_Records_:
****************
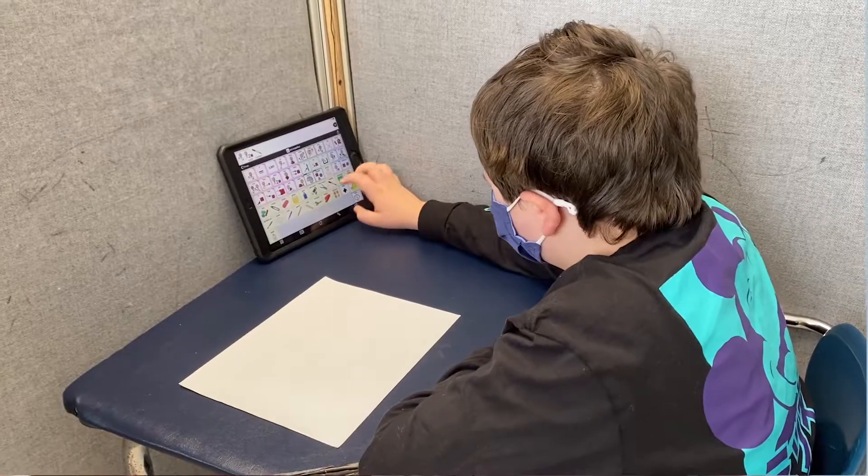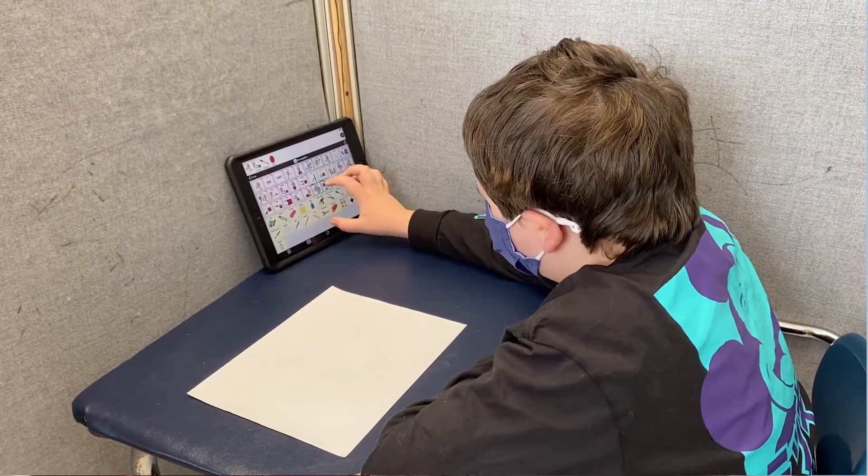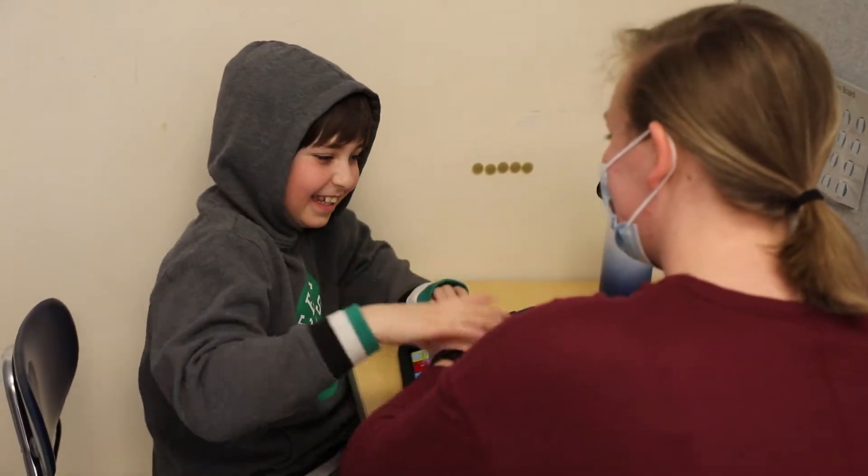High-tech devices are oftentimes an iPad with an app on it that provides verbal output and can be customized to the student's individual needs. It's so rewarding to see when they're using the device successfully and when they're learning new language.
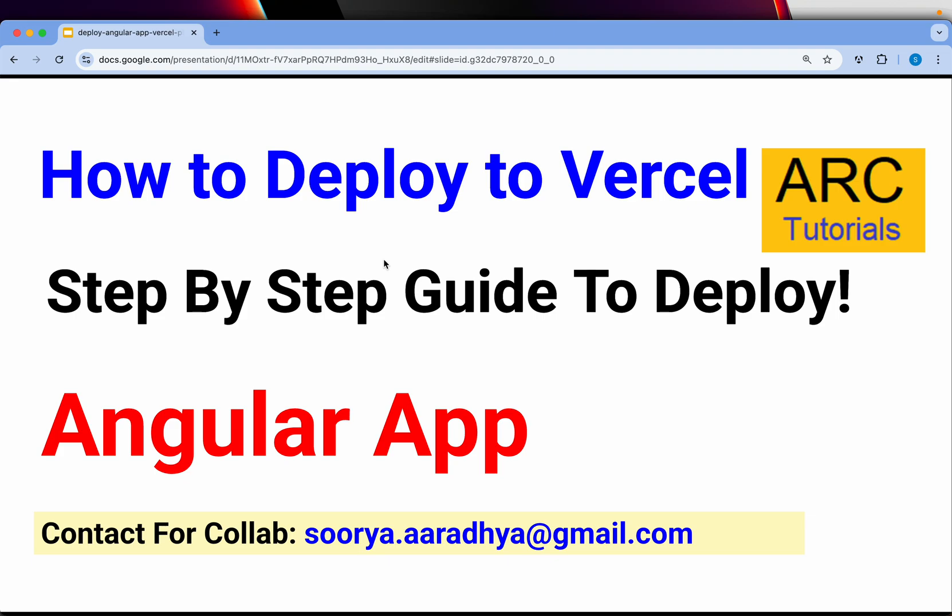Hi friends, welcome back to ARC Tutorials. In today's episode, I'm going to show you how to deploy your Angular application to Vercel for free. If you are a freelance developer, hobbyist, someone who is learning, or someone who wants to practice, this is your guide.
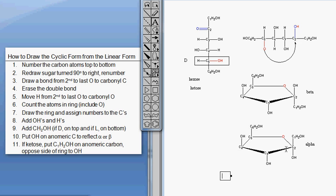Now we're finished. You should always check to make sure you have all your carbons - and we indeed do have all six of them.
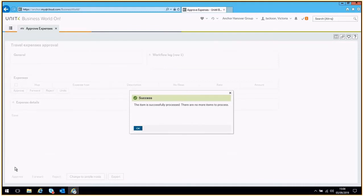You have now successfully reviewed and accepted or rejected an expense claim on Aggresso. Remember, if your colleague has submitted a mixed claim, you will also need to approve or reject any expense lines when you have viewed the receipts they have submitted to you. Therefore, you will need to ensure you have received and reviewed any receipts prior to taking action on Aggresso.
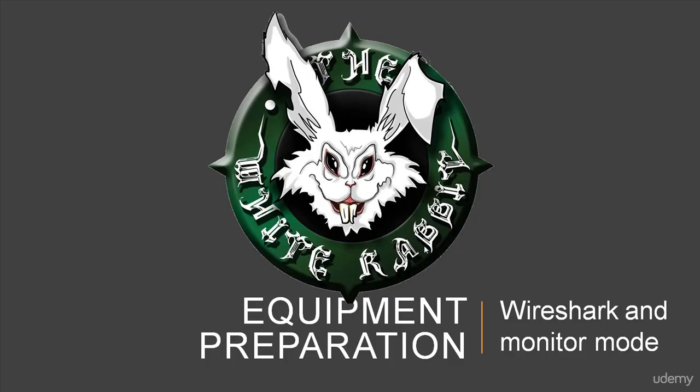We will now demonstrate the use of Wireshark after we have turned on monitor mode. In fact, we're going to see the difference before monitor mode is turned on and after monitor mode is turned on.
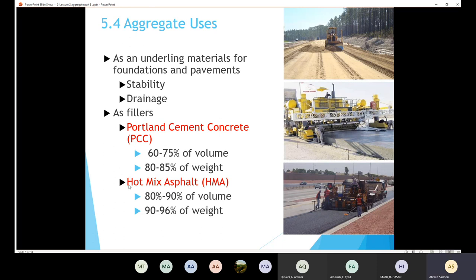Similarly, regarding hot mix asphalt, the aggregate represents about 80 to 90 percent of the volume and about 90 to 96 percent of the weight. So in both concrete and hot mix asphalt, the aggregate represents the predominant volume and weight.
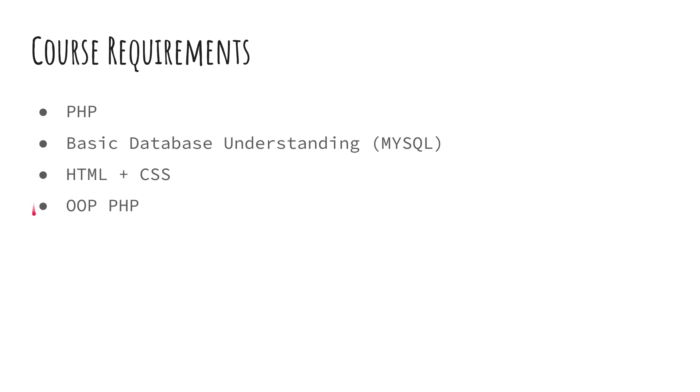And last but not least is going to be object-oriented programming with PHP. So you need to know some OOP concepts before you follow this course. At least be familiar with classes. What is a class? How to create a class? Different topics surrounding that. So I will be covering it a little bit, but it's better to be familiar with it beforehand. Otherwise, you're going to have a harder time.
****************
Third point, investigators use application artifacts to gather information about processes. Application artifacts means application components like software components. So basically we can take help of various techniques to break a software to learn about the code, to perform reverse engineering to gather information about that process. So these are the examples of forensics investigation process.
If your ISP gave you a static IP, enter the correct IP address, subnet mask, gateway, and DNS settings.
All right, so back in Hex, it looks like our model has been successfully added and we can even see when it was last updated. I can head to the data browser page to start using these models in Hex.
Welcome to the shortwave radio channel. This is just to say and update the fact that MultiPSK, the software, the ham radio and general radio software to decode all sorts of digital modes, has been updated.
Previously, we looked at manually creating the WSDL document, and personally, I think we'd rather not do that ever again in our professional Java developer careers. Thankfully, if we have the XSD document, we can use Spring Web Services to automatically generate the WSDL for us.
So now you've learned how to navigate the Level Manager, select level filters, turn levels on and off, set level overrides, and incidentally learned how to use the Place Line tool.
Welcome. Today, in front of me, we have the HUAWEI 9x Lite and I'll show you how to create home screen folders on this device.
****************
_Your goal_:
Transcribe only this stretch of the data: the line with "High-tech devices are", the line with "Now we're finished.", and every line in between. Leave out the pictures.

_Reply_:
High-tech devices are oftentimes an iPad with an app on it that provides verbal output and can be customized to the student's individual needs. It's so rewarding to see when they're using the device successfully and when they're learning new language.
Hi friends, welcome back to ARC Tutorials. In today's episode, I'm going to show you how to deploy your Angular application to Vercel for free. If you are a freelance developer, hobbyist, someone who is learning, or someone who wants to practice, this is your guide.
Now we're finished. You should always check to make sure you have all your carbons - and we indeed do have all six of them.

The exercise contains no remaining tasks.